▶ _PROVIDED MATERIAL_

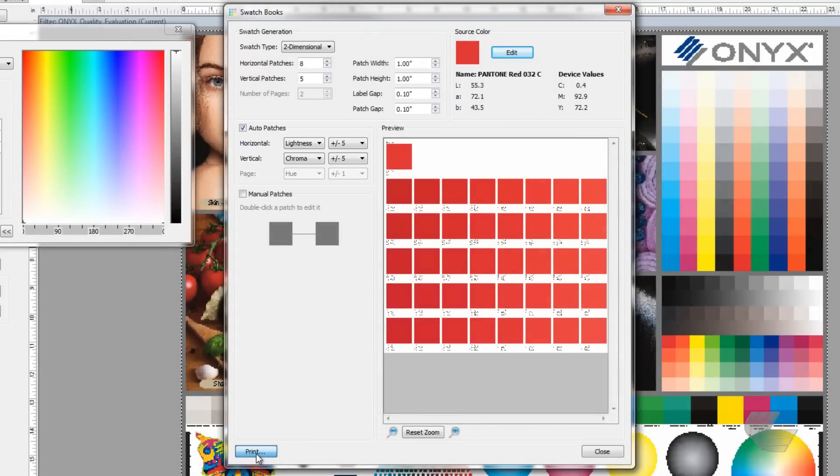Once the swatch book settings are configured, press print. After the patches have printed, it is time to find a better ink recipe for the spot color that you're trying to hit.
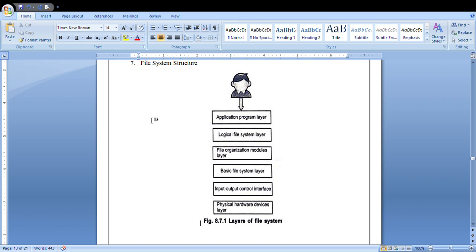The next layer is the logical file system layer. It manages metadata information. Metadata is nothing but data about the data. The actual data is not part of the metadata information.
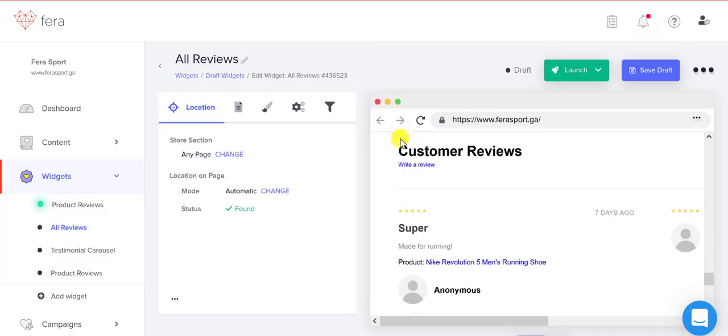You can see that it automatically places the widget on your page for you.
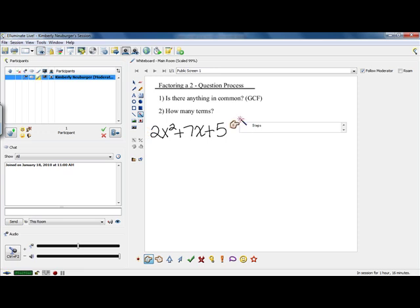Over here on our right hand side, we're going to keep track of the steps we're going to follow. These are very systematic steps. Some places call this method the AC method, and every single time they work. There is another method called guess and check, but sometimes it's easy to miss one of the possibilities. If you follow this process, it will work every single time as long as you stay systematic with it.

▶ _AIM OF THE TASK_
Exact repeat of the material above: every line from the one with "The next layer" through the one with "You can see", endpoints included, and nothing more. No pictures.

▶ _RESPONSE TO THIS EXERCISE_
The next layer is the logical file system layer. It manages metadata information. Metadata is nothing but data about the data. The actual data is not part of the metadata information.
You can see that it automatically places the widget on your page for you.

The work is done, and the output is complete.